En son seçim döneminde partimizin Büyük İnsanlık Yürüyüşü'ne destek olmuş Turan Can Yıldız, Yetkin Kılıç, Elif Kaya, Fatih Hatayoğlu adlı 4 üniversiteli genç, Şırnak’ın Cizre ilçesinde afaki gerekçelerle gözaltına alınıp tutuklanmıştır. Yaratılan kutuplaşmanın yabancılaşmanın ve algı manipülasyonlarının aşılarak oradaki halkımızın gündelik yaşantılarının gözlenmesi, kadim kentimizin kültürel ve tarihi dokusunun incelenmesi ve yine Cizre de yaşanan olayların bizzat tanıkların anlatımlarıyla gözlenmesi için, Türkiye’nin en iyi üniversitelerinde okuyan bu gençlerimiz ailelerinin bilgisi dahilinde Cizre ilçemize misafir olmuş ve maalesef tutuklanmışlardır.
DAİŞ vahşetinin hakim olduğu Suriye’nin belirli bölgelerine defalarca gidip gelen terörist unsurların adım adım gelen Diyarbakır mitingi bombalamasına seyirci kalan devlet yetkilileri, okullarında devamlılığı olan ve ailelerinin bilgisi dahilinde Cizre’ye gezi amaçlı gelen bu 4 gencimizi bombalı eylem yapacakları gerekçesiyle tutuklamışlardır. Seçimlerde HDP’nin başarısı karşısında yaşadığı hezimetin acısını suçsuz insanlardan ve onların ailelerinden çıkarmaya çalışmak siyasi ve hukuki etiğe sığmamaktadır.

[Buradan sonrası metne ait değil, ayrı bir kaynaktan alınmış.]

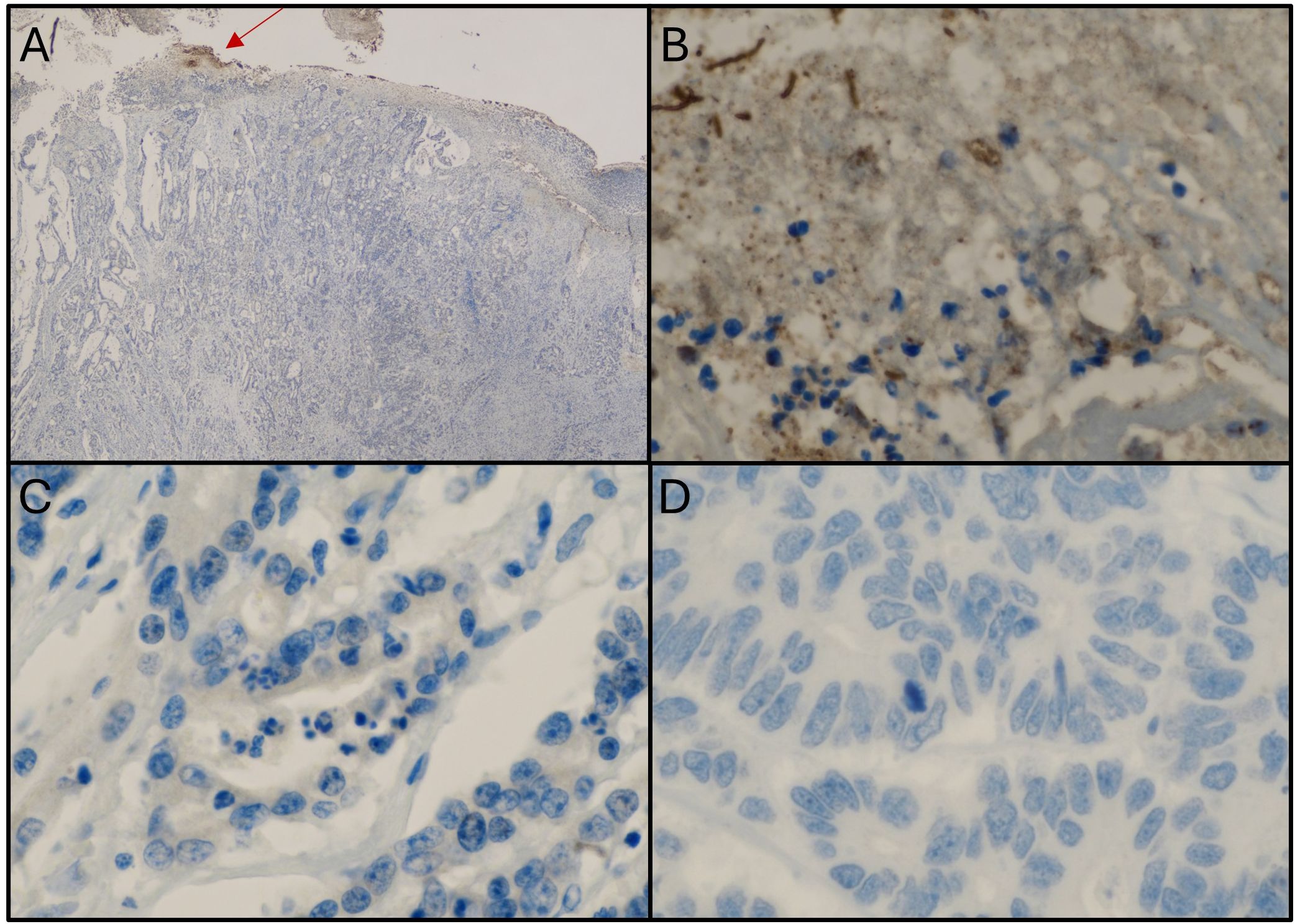 Histological images labeled A through D showing tissue samples stained to highlight cellular structures. Image A shows a broad view with a red arrow indicating a specific area. Image B is a closer view showing darker staining in a more concentrated area with scattered blue-stained nuclei. Image C shows a high magnification of elongated cells with blue staining concentrated in cell nuclei. Image D displays a similar high magnification with predominantly blue nuclei, indicating cell structures.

Demokrasinin güçler ayrılığı ilkesi hiçe sayılarak, yargı, siyaset elinde muhalif kesimlerin susturulması ve topluma ayar verilmesinin aracı haline getirilmiştir. Adil yargılamaların yapılması ve bu vesileyle kamuoyunun yargıya olan güveninin yeniden tesis edilip itibarının iade edilmesinin sağlanması için siyaset yargıdan elini çekmeli, yargı ise kararlarını adalet ve eşitlik ilkelerine göre vermelidir. Bu ülkenin adaletsiz yargılamalara verecek kurbanı kalmamıştır.
Bu faşizan uygulamalara son verilerek bu gençlerimiz derhal serbest bırakılmalıdır.
Bugün eşitlik, adalet ve özgürlüğe dair duyarlılığa her zamankinden daha fazla ihtiyacımız vardır. Bu hususta bizlere siz değerli basın mensuplarına ve demokratik kamuoyuna önemli görevler düşmektedir. Sizleri dayanışma duygularıyla bu görevleri yerine getirmeye davet ediyor saygılar sunuyoruz.